I begin by apologizing to historians. You are not the only ones who play games with numbers and make absurdly silly claims. Nouriel Roubini, a professor at the NYU Stern School of Business, has earned my tenth AS Award for showing that economists also can do these things.

In an article in Wednesday’s Globe and Mail, Roubini made the outlandish suggestions “official measures of GDP may grossly overstate growth in the economy, as they don’t capture the fact that business sentiment among small firms is abysmal and their output is still falling sharply. Properly corrected for this, third quarter GDP may have been 2 per cent rather than 3.5 per cent.”

All of sudden, Roubini is an expert on national income accounting. Does he really believe that he knows better than the experts?

He also claimed: “Many of the lost jobs – in construction, finance, and outsourced manufacturing and services [what is he talking about here?] – are gone forever, and recent studies suggest that a quarter of U.S. jobs can be fully outsourced over time to other countries. Thus, a growing proportion of the work force – often below the radar screen of official statistics – is losing hope of finding gainful employment.”

He cannot be serious that the jobs lost during the recession will never return, or that large numbers of the unemployed will never find meaningful employment? In Western Europe, he might be right; but not in the United States. Obviously, he has not looked  at the dynamics of the labor market. And even if more jobs are eventually outsourced, this does not mean that many more new jobs will not be created.
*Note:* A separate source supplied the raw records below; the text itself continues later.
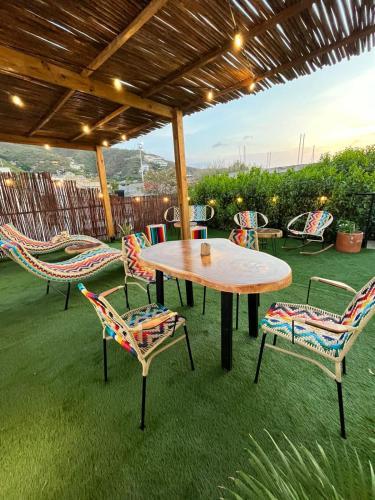 Svahns Aparta Hotel Taganga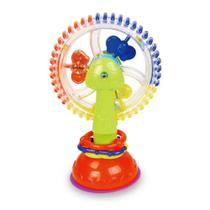 Roda Roda Brinquedo de Atividades com Ventosa e Fixação - Multikids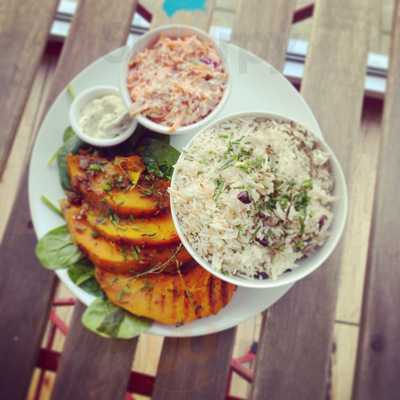 Vegan Sugarcane London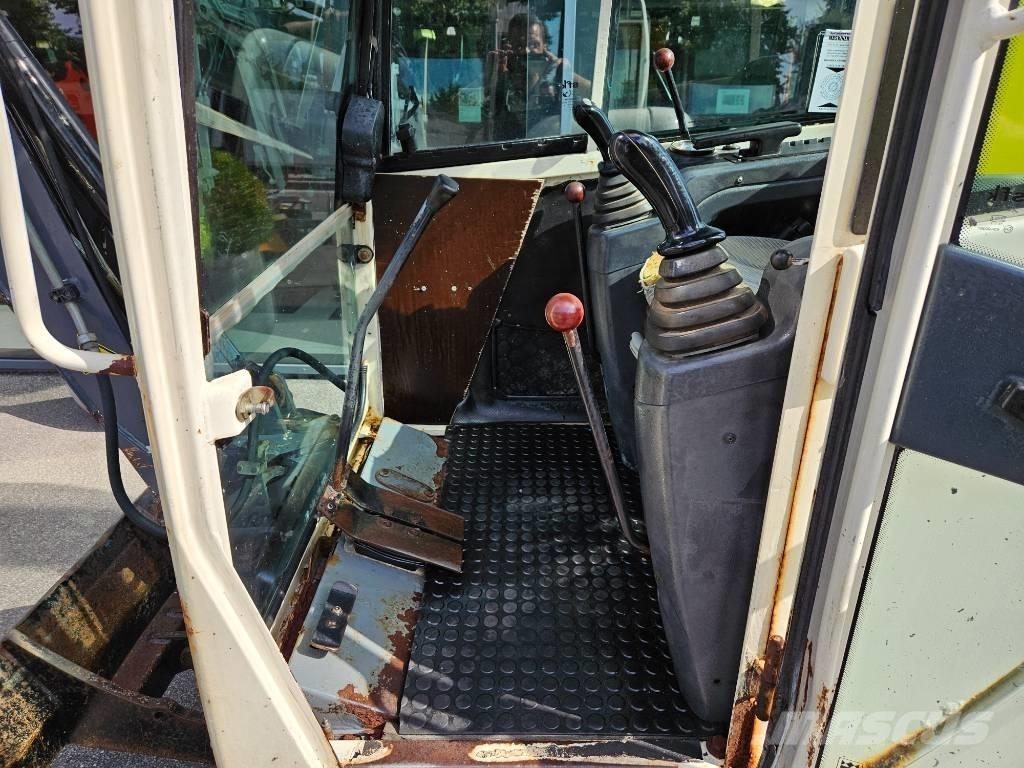 Terex tc25 Mini excavators < 7t (Mini diggers)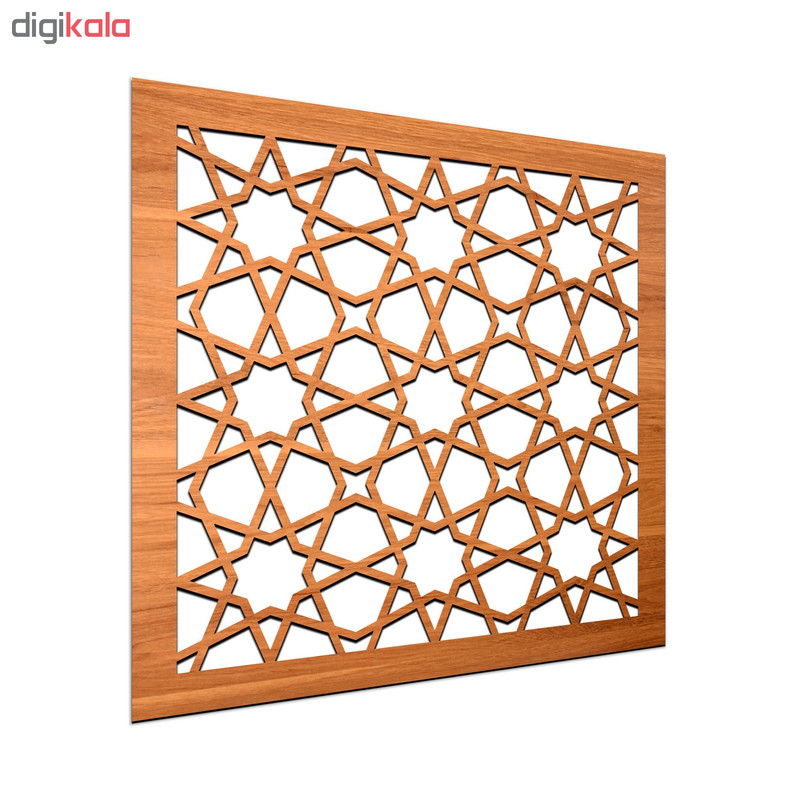تایل سقفی کد LMG0051-G سایز 60*60 سانتی متر بسته 4 عددی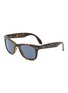 RAY-BAN Acetate Square Sunglasses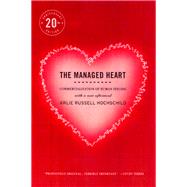 The Managed Heart by Hochschild, Arlie Russell, 9780520239333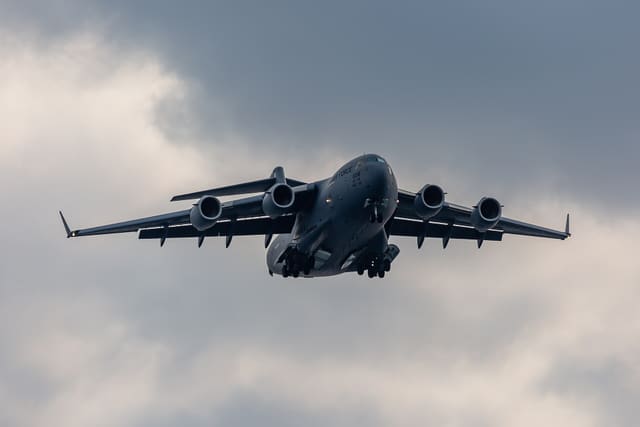  - Aircraft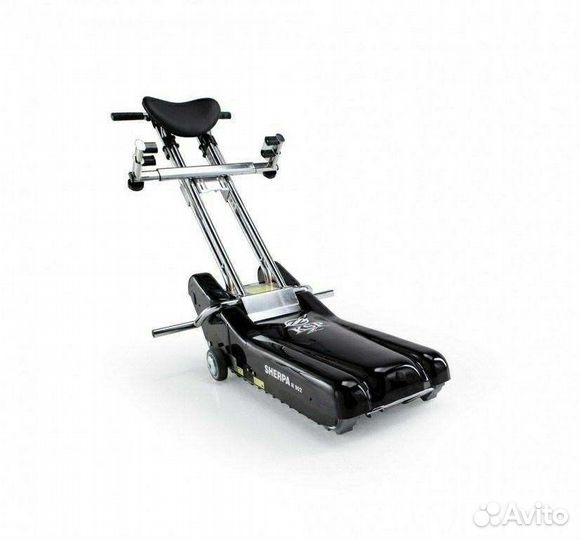 Подъемник гусеничный для лестниц мобильный Sherpa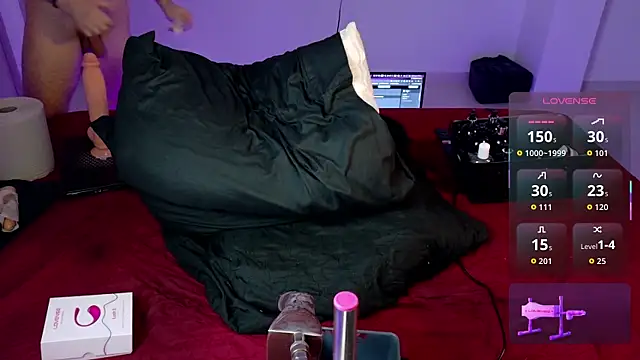 andreu_cavel's Webcam Show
While there is more that is absurdly silly in his article, I end with the following. At one point he says: “non-prime borrowers do not have much access to mortgages and credit cards. They live from paycheque to paycheque.” Later he states: “while higher-income and wealthier households have a buffer of savings to smooth consumption and avoid having to increase savings, most lower income households must save more…As a result, the household savings rate has risen from zero to 4 per cent”.

Let’s see if I get this right. On the one hand, low income Americans can barely make ends meet. On the other hand, these same people must save more, and as a result the savings rate has risen sharply. I don’t get it! And I suspect that if Roubini re-read his article, neither would he.